Great job all around Ken... really appreciate you, your building and playing too.
Very nice building job Ken - and it sounds in tune too. So I guess this was a precursor to the dulcimer as we know it?
Thank you, Jennifer. I still tune in on Friday nights as long I can stay awake. You folks are doing a great job out there.
"The dulcimer sings a sweet song."
Hello there my friend! This is soooo cool!
Anytime we meet and I have it with me you are welcome to play it Robin.
Wow, would I love to strum that critter you built, Ken!
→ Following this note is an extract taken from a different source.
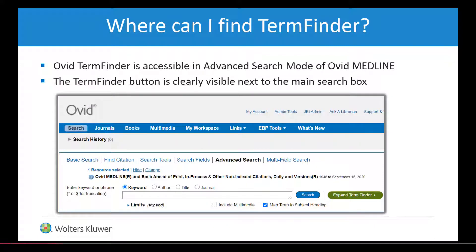Ovid Term Finder is accessible in the advanced search mode of Ovid Medline. Term Finder is clearly visible next to the main search box.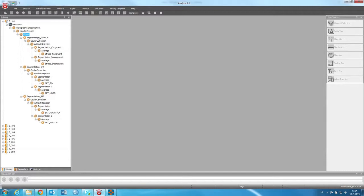Next on the list is segmentation, then ocular correction, artifact rejection, and then we average the data.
Lisa, I thought I had posted photos of this zitter, but I did not. I just posted three photos. I have more if anyone is interested.
Ken i ADORE this!!
Your zitter has a marvelous hollow 'old' tone, like a bell. The instrument in the museum is now reborn to sing again in a whole new life. It's a wonderful precious thing you made!
Did you post photos of it? I wish you had held it up to the camera on all sides a bit in the video, to let us see it 'in the round'.
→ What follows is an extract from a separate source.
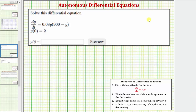We want to solve the initial value problem where we're given the differential equation with the initial condition y of zero equals two. Looking at the given differential equation, this is an autonomous differential equation because it's in the form of dy/dt equals f of y. So the derivative with respect to t is expressed only as a function of y, and the independent variable t only appears in the derivative.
Yes, Jeff, that was simple gifts.
Nice Job on that Zither Ken was that Simple Gifts
Not bad at all, Ken. Like the sound of it.
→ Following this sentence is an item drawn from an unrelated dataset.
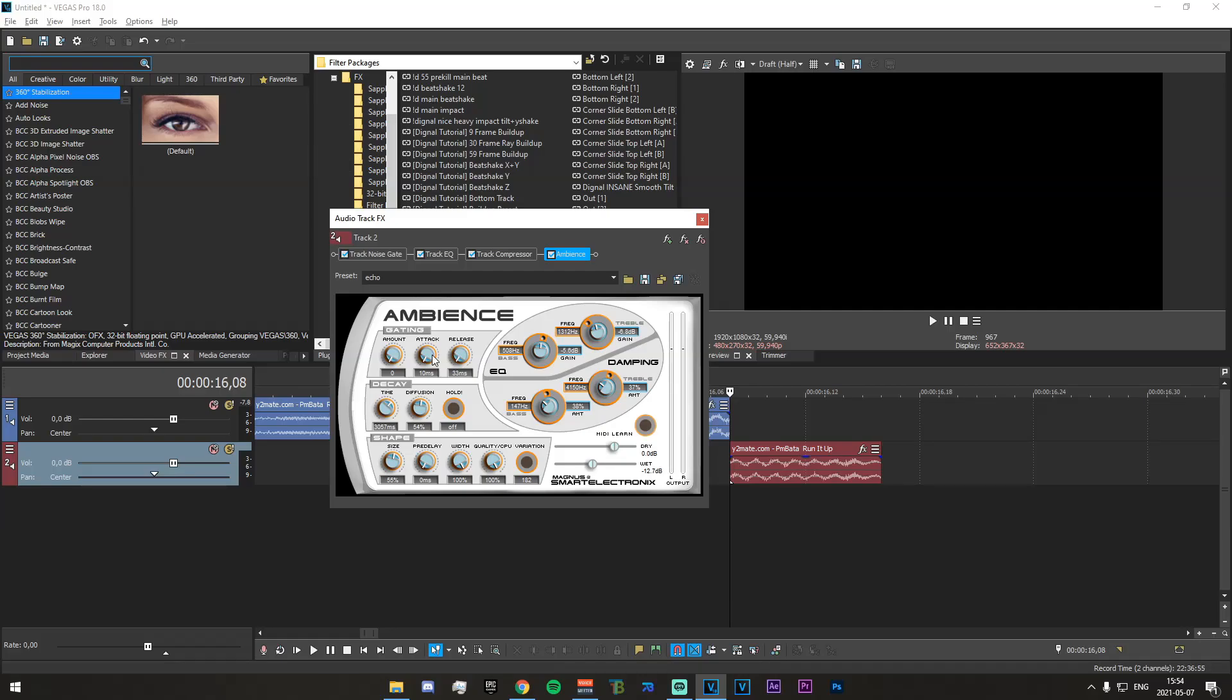I would relatively leave the same. Honestly it's a bit hard. I wouldn't really mess with any of these either. Definitely leave the quality CPU 200 percent. And the variation can be whatever you want really.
Way to go, Ken. Sounds good
When visiting the Landis Valley Village and Farm Museum to photograph, trace, and measure the Pennsylvania German zitters in their collection that are in L. Allen Smith's A Catalogue of Pre-Revival Appalachian Dulcimers, I was told that they had another one in the collection. I photographed, measured, and traced that one as well. This is the zitter I made based on that prototype. Both the playing and the video are a little rough, but I hope you will get a sense of how these instruments sound. This is not the zitter which I hold in my avatar. That one is a copy of one in the Mercer Museum in Doylestown, PA.